■ **Action item**: The reply should match the listing below character for character, except that no image is carried over.

■ **Extracted material**:
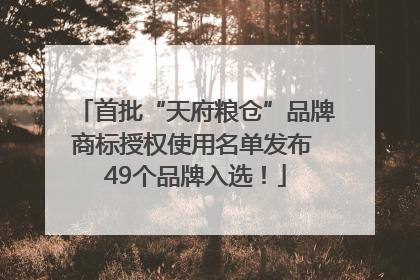首批“天府粮仓”品牌商标授权使用名单发布 49个品牌入选！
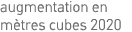 augmentation en mètres cubes 2020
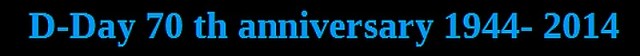 D-Day anniversary 1944 - 2014
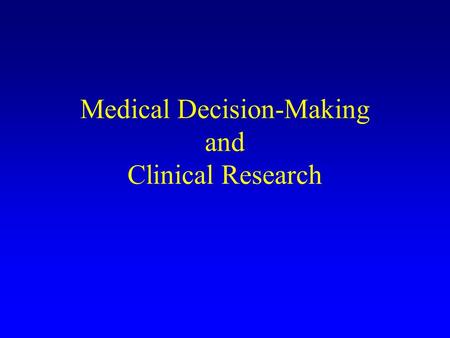 Medical Decision-Making and Clinical Research. Class Format 5-10 minute quiz.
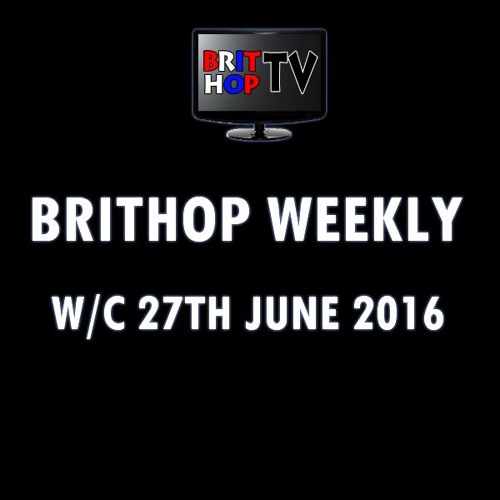 BritHop Weekly: W/C 27th June 2016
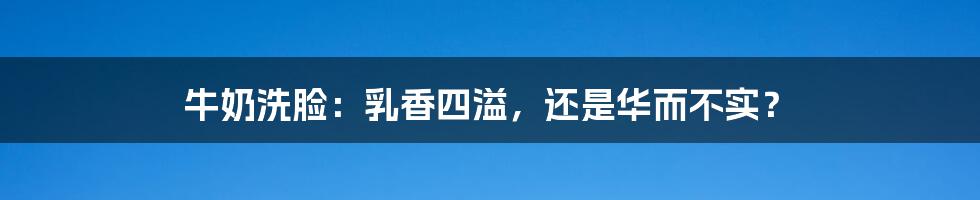 牛奶洗脸:乳香四溢,还是华而不实?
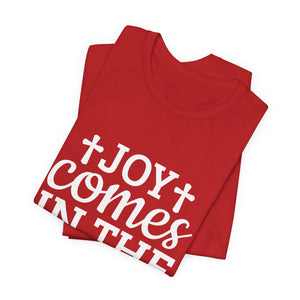 Joy Comes in the Morning – Psalm 30:5 Christian T-Shirt | Faith & Hope Graphic Tee – Christian Inspirational T-Shirt, Faith-Based Scripture Apparel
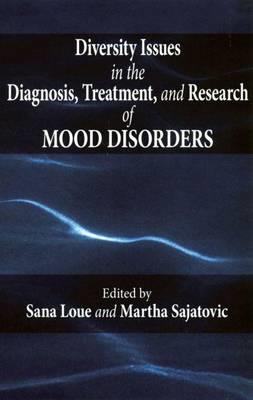 Diversity Issues in the Diagnosis, Treatment, and Research of Mood Disorders - Click Image to Close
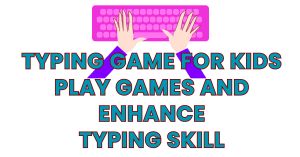 Typing Game For Kids Play Free Games And Enhance Your Typing Skill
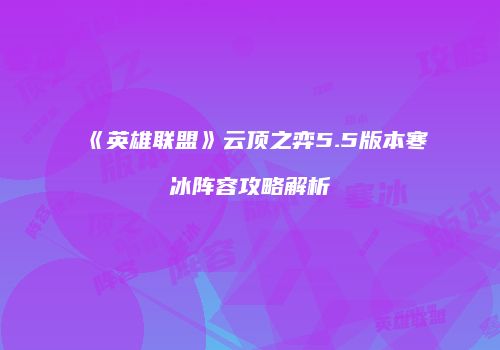 《英雄联盟》云顶之弈5.5版本寒冰阵容攻略解析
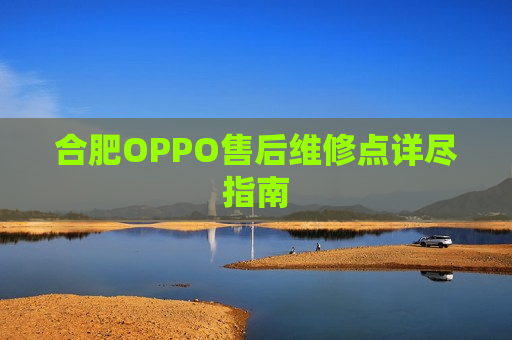 合肥OPPO售后维修点详尽指南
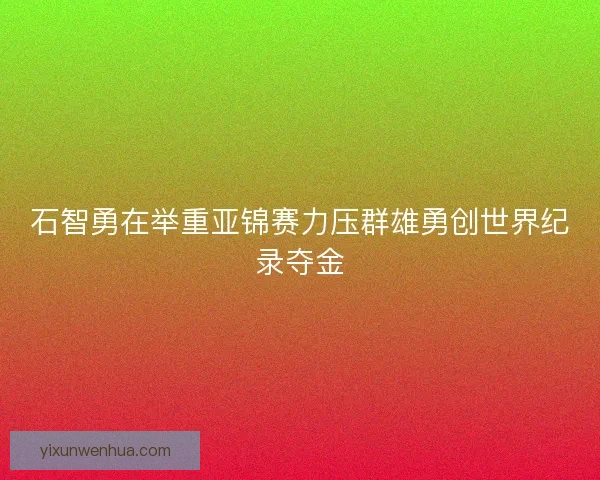 石智勇在举重亚锦赛力压群雄勇创世界纪录夺金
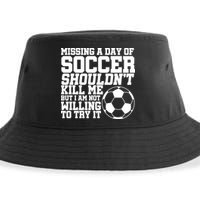 Missing A Day Of Soccer Shouldn't Kill Me Sustainable Bucket Hat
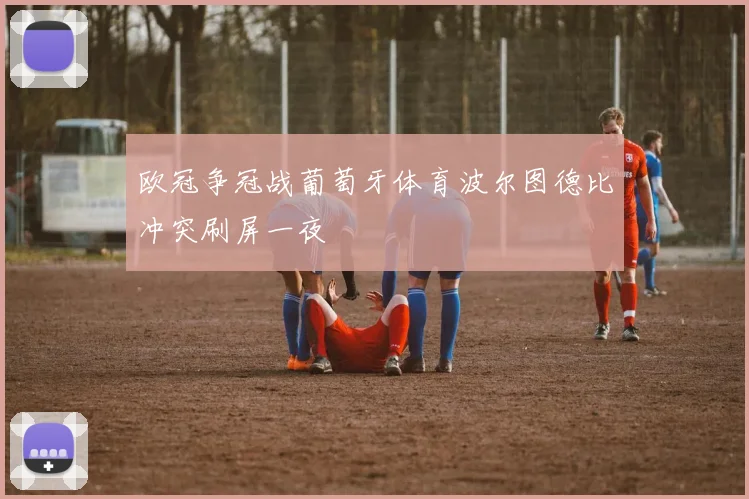 欧冠争冠战葡萄牙体育波尔图德比冲突刷屏一夜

■ **Response area**:
首批“天府粮仓”品牌商标授权使用名单发布 49个品牌入选！
 augmentation en mètres cubes 2020
 D-Day anniversary 1944 - 2014
 Medical Decision-Making and Clinical Research. Class Format 5-10 minute quiz.
 BritHop Weekly: W/C 27th June 2016
 牛奶洗脸:乳香四溢,还是华而不实?
 Joy Comes in the Morning – Psalm 30:5 Christian T-Shirt | Faith & Hope Graphic Tee – Christian Inspirational T-Shirt, Faith-Based Scripture Apparel
 Diversity Issues in the Diagnosis, Treatment, and Research of Mood Disorders - Click Image to Close
 Typing Game For Kids Play Free Games And Enhance Your Typing Skill
 《英雄联盟》云顶之弈5.5版本寒冰阵容攻略解析
 合肥OPPO售后维修点详尽指南
 石智勇在举重亚锦赛力压群雄勇创世界纪录夺金
 Missing A Day Of Soccer Shouldn't Kill Me Sustainable Bucket Hat
 欧冠争冠战葡萄牙体育波尔图德比冲突刷屏一夜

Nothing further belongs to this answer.